[Stored records]
________________________
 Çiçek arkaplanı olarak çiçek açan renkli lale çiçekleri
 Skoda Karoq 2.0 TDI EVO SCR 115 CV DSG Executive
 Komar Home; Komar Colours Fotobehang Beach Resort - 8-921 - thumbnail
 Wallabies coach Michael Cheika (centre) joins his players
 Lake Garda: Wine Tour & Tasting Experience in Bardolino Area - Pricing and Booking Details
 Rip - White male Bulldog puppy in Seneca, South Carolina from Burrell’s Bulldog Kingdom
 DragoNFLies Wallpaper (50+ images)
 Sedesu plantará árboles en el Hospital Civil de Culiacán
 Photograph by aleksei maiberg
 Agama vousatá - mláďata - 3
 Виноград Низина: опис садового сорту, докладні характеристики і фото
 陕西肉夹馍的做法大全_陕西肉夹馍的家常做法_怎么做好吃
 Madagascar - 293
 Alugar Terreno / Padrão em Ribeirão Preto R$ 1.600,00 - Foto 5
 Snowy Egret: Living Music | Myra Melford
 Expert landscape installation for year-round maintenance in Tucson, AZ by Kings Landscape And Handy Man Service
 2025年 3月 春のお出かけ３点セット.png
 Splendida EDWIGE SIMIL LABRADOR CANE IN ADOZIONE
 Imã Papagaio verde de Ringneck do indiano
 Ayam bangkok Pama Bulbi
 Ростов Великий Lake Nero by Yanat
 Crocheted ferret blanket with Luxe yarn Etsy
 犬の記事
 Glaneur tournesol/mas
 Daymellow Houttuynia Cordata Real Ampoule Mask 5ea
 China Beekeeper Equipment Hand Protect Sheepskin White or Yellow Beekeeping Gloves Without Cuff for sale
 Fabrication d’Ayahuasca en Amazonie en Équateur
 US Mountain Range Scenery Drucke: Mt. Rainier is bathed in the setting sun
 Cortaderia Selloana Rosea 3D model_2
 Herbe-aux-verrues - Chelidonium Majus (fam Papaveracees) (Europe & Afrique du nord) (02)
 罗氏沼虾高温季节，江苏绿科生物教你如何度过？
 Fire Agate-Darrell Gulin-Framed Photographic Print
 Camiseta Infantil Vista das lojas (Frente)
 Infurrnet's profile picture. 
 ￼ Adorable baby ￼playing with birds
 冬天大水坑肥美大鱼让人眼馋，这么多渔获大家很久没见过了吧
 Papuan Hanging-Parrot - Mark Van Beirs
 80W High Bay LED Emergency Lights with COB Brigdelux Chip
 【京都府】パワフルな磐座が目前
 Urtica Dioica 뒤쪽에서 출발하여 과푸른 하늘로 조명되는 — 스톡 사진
________________________
:: DESCRIPTION OF THE TASK ::
Copying begins at the line that holds "Papuan Hanging-Parrot - Mark Van Beirs" and ends at the last line of the data above, with both included and each line kept exactly.

:: TASK RESULT ::
 Papuan Hanging-Parrot - Mark Van Beirs
 80W High Bay LED Emergency Lights with COB Brigdelux Chip
 【京都府】パワフルな磐座が目前
 Urtica Dioica 뒤쪽에서 출발하여 과푸른 하늘로 조명되는 — 스톡 사진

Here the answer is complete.